● What the task requires
Transcribe only the lines in the data below falling between the line with "Vida ve cıvata simgesi, basit tarzı" and the line with "Tork S1 420601", including those two lines, and leave out any picture.

● Dataset entries
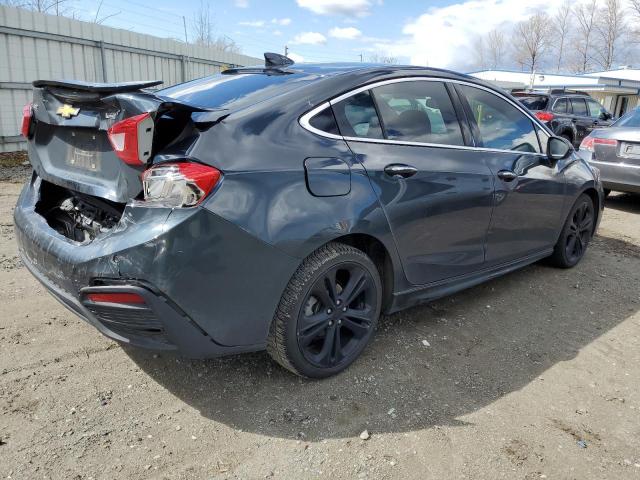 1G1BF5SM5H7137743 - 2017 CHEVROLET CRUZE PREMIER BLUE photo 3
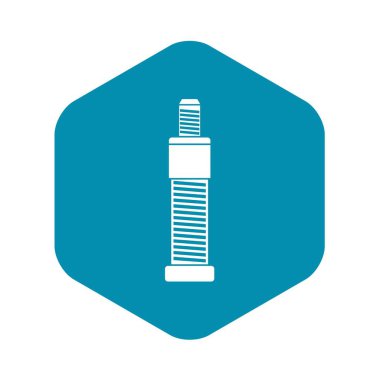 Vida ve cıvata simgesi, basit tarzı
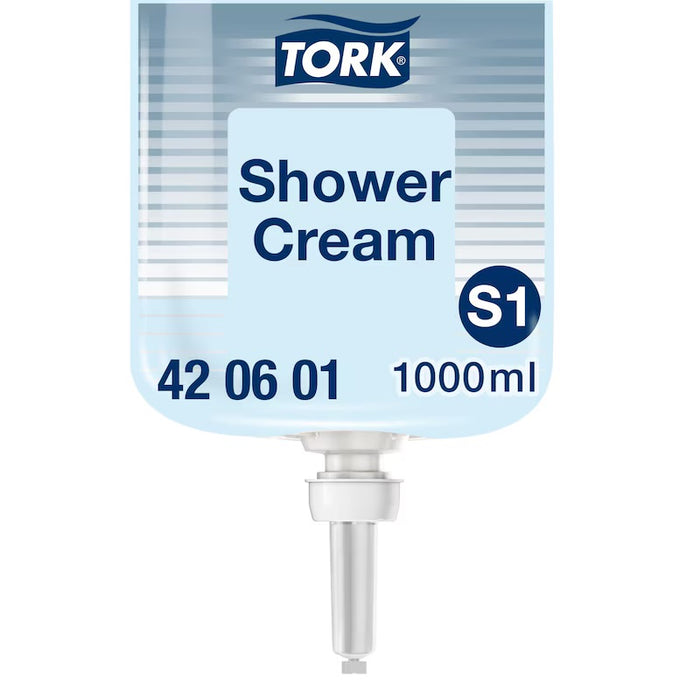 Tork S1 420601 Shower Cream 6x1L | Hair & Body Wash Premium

==

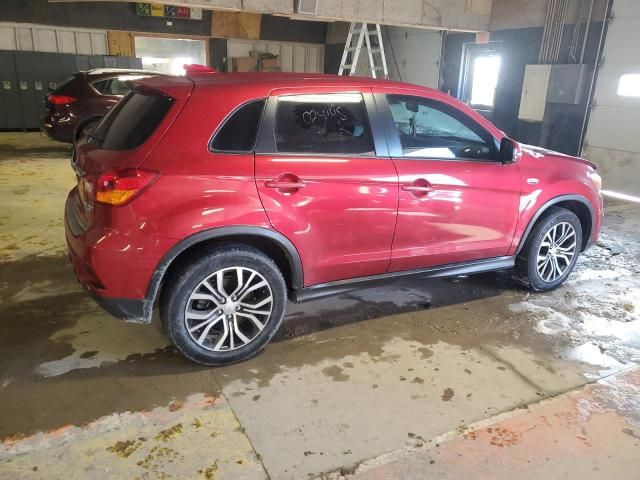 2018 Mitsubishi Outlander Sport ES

● Answer space
 Vida ve cıvata simgesi, basit tarzı
 Tork S1 420601 Shower Cream 6x1L | Hair & Body Wash Premium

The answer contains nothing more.